[Exercise data Boundary: Start]

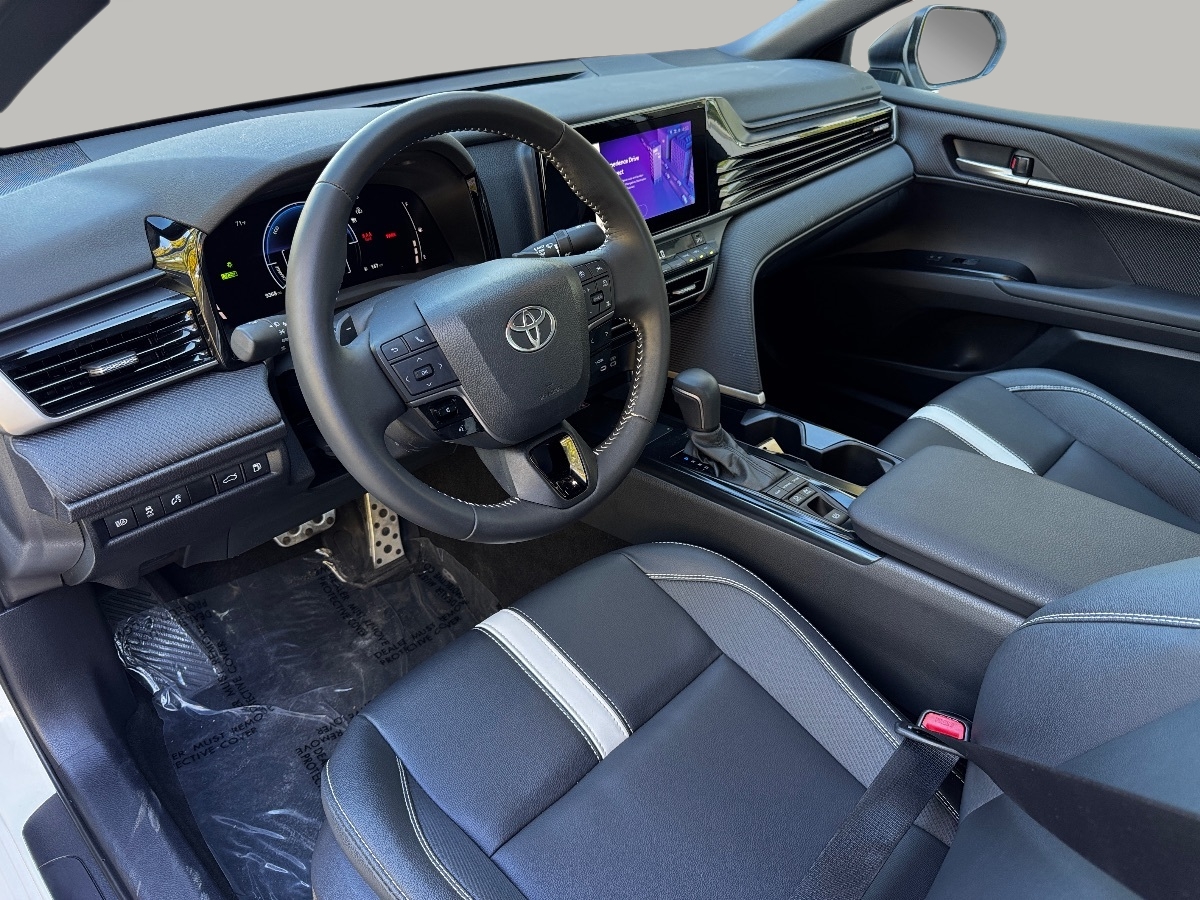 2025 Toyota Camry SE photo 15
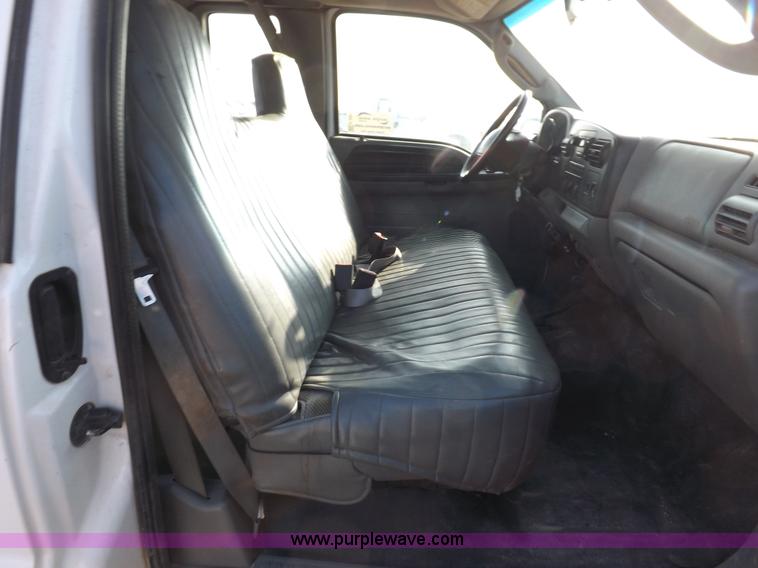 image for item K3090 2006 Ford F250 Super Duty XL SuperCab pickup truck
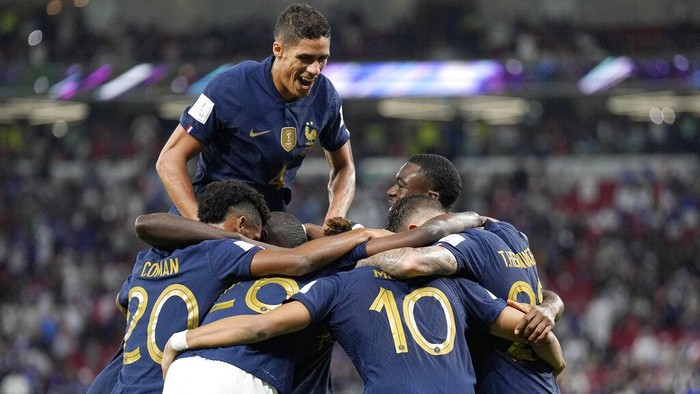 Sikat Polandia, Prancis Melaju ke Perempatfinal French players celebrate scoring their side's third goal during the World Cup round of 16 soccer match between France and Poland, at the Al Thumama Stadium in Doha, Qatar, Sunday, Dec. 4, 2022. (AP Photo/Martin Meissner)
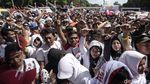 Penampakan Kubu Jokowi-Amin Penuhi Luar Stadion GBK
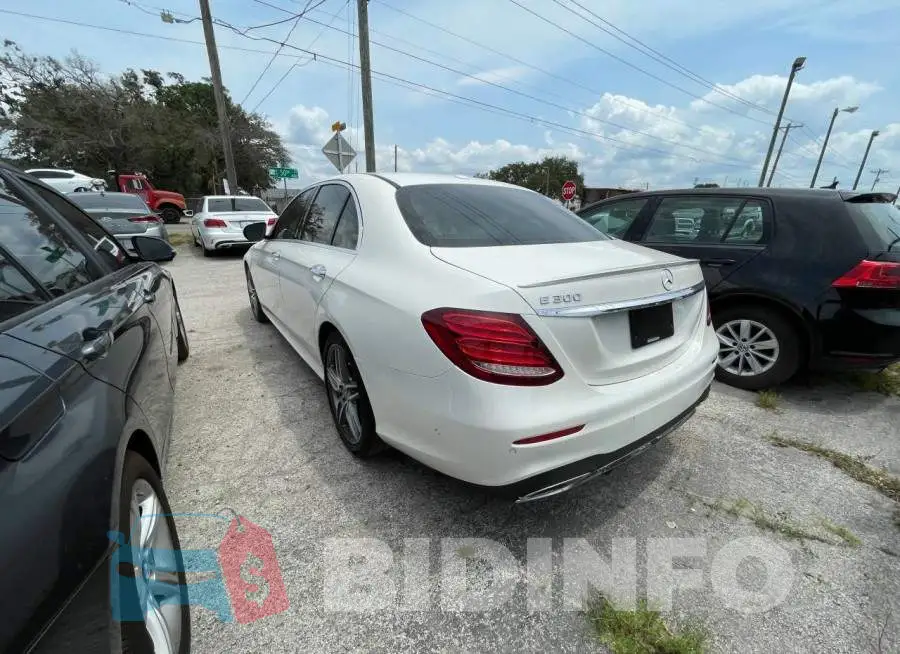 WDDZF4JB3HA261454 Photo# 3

[Exercise data Boundary: End]

In your answer, set down the full listing word for word and include no pictures.

## Task response:
 2025 Toyota Camry SE photo 15
 image for item K3090 2006 Ford F250 Super Duty XL SuperCab pickup truck
 Sikat Polandia, Prancis Melaju ke Perempatfinal French players celebrate scoring their side's third goal during the World Cup round of 16 soccer match between France and Poland, at the Al Thumama Stadium in Doha, Qatar, Sunday, Dec. 4, 2022. (AP Photo/Martin Meissner)
 Penampakan Kubu Jokowi-Amin Penuhi Luar Stadion GBK
 WDDZF4JB3HA261454 Photo# 3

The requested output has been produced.